DATASET:
┌──
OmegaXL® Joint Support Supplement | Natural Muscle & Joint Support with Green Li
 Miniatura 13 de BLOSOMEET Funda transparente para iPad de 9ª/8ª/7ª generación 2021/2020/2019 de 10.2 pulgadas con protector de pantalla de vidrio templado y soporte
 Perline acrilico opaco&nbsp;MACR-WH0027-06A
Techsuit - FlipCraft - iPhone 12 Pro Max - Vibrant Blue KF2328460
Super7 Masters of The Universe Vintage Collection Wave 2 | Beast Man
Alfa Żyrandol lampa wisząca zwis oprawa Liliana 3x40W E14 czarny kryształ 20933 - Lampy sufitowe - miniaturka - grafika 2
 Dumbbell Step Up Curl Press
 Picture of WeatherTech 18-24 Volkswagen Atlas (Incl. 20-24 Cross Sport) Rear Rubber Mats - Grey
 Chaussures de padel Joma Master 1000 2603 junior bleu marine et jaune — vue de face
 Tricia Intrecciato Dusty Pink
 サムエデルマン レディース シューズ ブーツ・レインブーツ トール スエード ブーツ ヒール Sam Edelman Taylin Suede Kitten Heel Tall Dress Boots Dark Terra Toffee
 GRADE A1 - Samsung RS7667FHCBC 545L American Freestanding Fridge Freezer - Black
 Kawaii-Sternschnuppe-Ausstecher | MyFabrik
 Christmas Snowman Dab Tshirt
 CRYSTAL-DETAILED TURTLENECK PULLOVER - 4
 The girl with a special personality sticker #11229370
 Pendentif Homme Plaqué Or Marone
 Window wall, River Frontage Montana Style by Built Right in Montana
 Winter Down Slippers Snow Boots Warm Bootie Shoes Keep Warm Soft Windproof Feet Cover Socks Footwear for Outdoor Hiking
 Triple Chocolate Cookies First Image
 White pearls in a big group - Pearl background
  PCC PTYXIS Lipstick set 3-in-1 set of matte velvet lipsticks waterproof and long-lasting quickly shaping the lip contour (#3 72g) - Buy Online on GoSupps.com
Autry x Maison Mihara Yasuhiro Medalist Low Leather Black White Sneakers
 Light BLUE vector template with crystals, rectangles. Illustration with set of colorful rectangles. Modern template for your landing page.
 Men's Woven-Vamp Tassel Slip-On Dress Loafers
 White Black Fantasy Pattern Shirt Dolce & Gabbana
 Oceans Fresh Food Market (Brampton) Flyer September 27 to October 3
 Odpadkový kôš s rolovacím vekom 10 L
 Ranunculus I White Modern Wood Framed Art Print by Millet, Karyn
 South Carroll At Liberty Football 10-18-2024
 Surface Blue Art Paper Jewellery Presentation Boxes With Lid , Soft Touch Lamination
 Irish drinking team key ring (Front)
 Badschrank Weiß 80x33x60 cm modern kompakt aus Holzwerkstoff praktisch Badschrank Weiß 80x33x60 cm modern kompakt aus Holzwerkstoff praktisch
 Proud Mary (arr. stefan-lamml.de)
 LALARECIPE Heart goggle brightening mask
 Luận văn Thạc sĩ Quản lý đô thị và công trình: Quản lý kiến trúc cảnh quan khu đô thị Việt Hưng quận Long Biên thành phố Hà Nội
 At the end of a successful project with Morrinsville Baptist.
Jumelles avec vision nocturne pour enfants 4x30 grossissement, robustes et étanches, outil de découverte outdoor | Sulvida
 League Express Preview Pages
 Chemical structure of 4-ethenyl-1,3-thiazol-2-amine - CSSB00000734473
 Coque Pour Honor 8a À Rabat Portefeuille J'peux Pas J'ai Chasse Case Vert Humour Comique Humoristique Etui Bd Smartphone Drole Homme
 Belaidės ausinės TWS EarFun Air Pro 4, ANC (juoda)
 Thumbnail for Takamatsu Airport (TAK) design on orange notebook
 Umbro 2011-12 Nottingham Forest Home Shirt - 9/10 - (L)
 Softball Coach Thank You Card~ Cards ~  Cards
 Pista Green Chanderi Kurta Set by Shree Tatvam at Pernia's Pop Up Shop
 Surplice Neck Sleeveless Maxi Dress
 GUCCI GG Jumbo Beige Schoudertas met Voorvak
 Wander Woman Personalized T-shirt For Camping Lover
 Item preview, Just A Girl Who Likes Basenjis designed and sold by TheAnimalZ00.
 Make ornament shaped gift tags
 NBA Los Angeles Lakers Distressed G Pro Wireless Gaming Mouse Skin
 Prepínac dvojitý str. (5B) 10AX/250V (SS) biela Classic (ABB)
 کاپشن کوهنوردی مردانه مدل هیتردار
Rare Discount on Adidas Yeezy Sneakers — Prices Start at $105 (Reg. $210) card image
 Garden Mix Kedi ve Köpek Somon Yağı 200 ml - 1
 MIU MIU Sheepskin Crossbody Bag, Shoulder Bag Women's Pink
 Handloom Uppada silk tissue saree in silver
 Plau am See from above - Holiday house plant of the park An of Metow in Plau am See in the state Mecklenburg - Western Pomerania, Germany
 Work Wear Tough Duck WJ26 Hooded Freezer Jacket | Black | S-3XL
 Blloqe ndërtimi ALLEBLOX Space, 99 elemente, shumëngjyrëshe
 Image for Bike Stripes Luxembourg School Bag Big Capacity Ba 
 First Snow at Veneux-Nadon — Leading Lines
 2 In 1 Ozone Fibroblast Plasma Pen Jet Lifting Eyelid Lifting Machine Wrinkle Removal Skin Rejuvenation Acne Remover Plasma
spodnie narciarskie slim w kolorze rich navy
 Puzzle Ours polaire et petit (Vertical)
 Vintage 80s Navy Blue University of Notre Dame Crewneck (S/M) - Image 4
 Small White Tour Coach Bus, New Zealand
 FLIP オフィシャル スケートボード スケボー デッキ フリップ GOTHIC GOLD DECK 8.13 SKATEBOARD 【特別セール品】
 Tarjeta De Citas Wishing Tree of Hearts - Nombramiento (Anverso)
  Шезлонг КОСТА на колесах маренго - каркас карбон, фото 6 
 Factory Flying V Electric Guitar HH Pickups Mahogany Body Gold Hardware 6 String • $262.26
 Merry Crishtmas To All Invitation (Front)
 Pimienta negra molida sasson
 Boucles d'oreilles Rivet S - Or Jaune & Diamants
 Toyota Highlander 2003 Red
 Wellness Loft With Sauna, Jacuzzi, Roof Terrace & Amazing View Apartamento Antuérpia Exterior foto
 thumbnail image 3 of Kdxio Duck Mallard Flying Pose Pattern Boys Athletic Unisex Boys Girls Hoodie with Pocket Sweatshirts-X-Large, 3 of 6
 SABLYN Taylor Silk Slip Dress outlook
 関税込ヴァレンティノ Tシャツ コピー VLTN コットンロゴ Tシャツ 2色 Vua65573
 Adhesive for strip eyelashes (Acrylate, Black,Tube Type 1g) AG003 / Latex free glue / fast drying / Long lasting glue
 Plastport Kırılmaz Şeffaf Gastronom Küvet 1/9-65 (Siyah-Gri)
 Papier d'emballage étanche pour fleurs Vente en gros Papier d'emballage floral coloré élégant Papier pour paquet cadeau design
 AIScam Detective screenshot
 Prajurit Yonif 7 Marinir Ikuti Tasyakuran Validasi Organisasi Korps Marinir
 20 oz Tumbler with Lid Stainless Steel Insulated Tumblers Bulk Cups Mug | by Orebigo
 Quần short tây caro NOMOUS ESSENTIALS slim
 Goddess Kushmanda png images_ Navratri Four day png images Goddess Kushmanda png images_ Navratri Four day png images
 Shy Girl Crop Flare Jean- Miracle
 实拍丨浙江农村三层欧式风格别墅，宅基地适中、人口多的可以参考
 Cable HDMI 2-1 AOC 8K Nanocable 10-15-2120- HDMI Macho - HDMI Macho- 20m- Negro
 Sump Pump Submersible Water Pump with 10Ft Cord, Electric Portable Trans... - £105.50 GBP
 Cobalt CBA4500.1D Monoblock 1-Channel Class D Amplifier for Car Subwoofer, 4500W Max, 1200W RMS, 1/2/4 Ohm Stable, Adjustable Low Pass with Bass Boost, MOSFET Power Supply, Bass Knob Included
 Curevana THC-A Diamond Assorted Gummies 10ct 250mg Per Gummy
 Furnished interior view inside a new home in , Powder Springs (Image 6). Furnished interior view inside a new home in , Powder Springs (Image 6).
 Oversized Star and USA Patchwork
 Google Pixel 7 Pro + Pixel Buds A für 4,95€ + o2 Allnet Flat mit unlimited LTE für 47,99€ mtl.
└──
ACTIVITY:
In the entries above, the lines between the one holding "Jumelles avec vision" and the one holding "Belaidės ausinės TWS", inclusive, are to be printed exactly as written, and those alone.

TASK SOLUTION:
Jumelles avec vision nocturne pour enfants 4x30 grossissement, robustes et étanches, outil de découverte outdoor | Sulvida
 League Express Preview Pages
 Chemical structure of 4-ethenyl-1,3-thiazol-2-amine - CSSB00000734473
 Coque Pour Honor 8a À Rabat Portefeuille J'peux Pas J'ai Chasse Case Vert Humour Comique Humoristique Etui Bd Smartphone Drole Homme
 Belaidės ausinės TWS EarFun Air Pro 4, ANC (juoda)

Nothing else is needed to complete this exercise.